Awas! Ternyata Anak - Anak Juga Beresiko Alzheimer | Breaktime
Bukan Hanya Orang Dewasa, Anak-anak Juga Berisiko Terserang Alzheimer
07.07.2015

Lupa menaruh barang merupakan hal yang wajar. Tapi jika hal ini terjadi sangat sering dan terus berulang, bisa jadi B’timer mengidap Alzheimer. Parahnya, belum lama ini ditemukan kasus Alzheimer yang terjadi pada anak-anak.

Sebelum membahas ebih dalam tentang hal tersebut, ada baiknya kita kenalan dulu yuk, dengan Alzheimer! Tahukah B’timers kalau Alzheimer ini merupakan nama seorang dokter yang pertama kali menemukan penyakit Alzheimer? Pada tahun 1906, seorang dokter berkebangsaan Jerman bernama Dr. Alois Alzheimer menemukan ketidaknormalan dalam jaringan otak seorang wanita. Dr. Alzheimer menemukan gumpalan plak amyloid yang menyebabkan memori dalam otak menghilang, dan menyebabkan otak tidak bisa membaca bahasa serta emosi.

Beberapa indikasi seseorang terserang Alzheimer adalah mengalami kesulitan mengingat, bingung membaca peta, kepekaan organ penciuman berkurang, dan sering mengajukan pertanyaan yang sama secara berulang.

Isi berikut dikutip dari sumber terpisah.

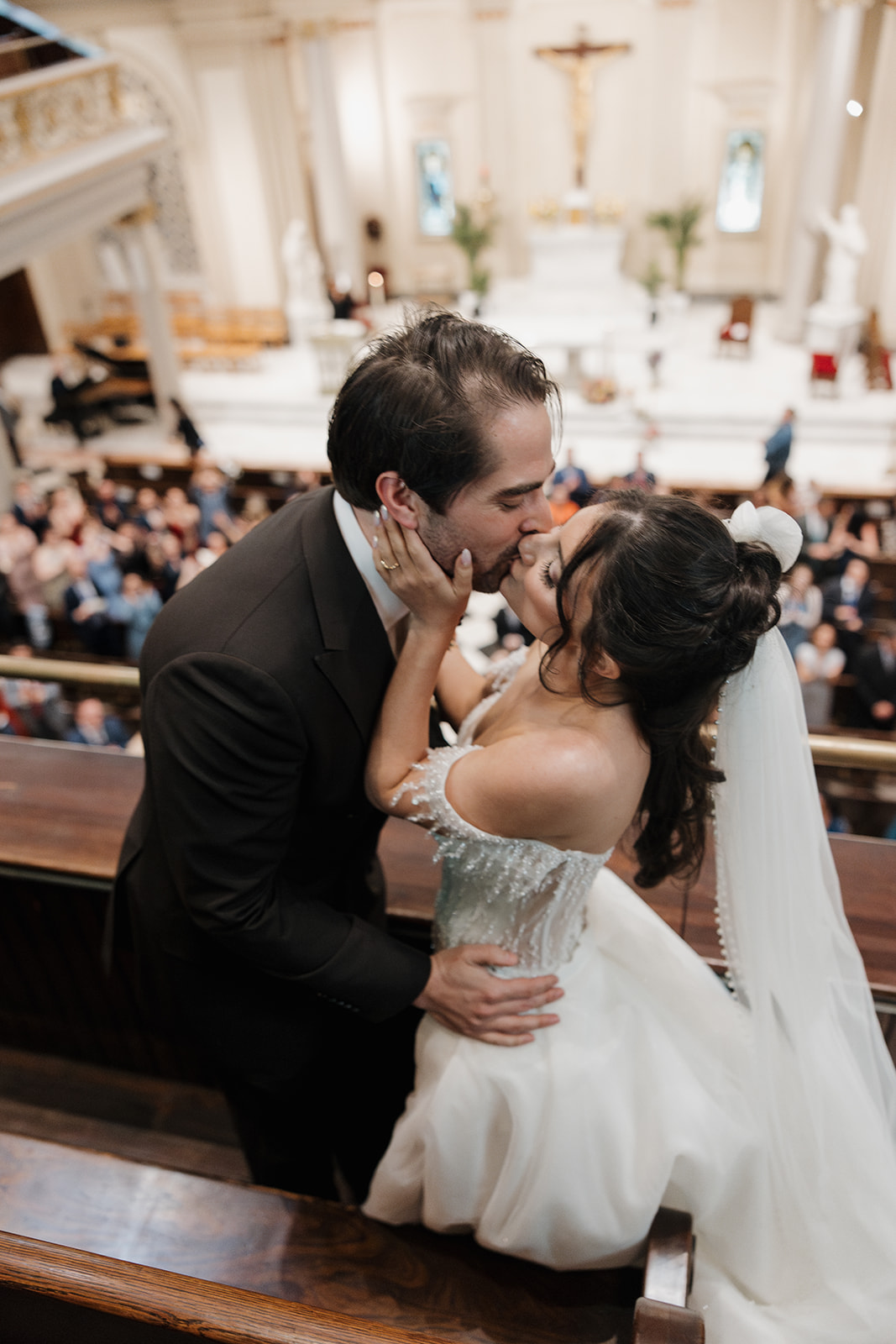Bride and groom kissing above their wedding guest at the at St. Francis de Sales Roman Catholic Church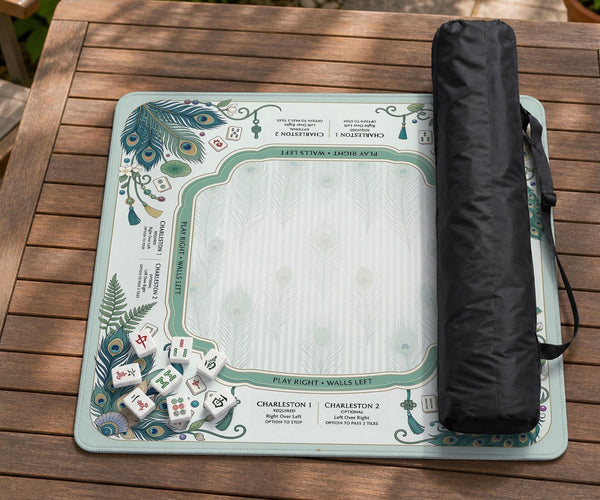 Teal square mahjong mat with peacock feathers, soft floral pattern, tassel details, and printed rule guide text in the center.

Sering menanyakan hal yang sama, merupakan salah satu gejala Alzheimer
Sering menanyakan hal yang sama, merupakan salah satu gejala Alzheimer

Pada umumnya, mereka yang mengidap penyakit ini adalah orang-orang berusia 65 tahun ke atas. Banyak faktor yang menjadi pemicu Alzheimer, beberapa di antaranya keturunan, kolesterol tinggi, tingkat folat rendah, dan usia yang sudah melebihi 40 tahun.

Tapi, ada kabar mengejutkan. Pernah ditemukan kasus Alzheimer yang terjadi pada kembar identik berusia 4 tahun bernama Addison dan Cassidy Hempel. Layaknya anak-anak biasa, mereka menjalani kehidupan yang normal, pergi sekolah, bermain di rumah, dan juga gemar beraktivitas di luar ruangan.

Namun, mereka ternyata menderita Alzheimer jenis Niemann-Pick Disease Type C (NPC) yang akan menyebabkan penderitanya kehilangan memori dan kemampuan motoriknya. Dan diprediksi, mereka tidak akan bisa tumbuh sampai remaja.

Nah, salah satu cara yang bisa digunakan untuk menghindari Alzheimer adalah dengan memperhatikan keseimbangan asupan nutrisi dan juga tetap aktif berkegiatan meski sudah lanjut usia.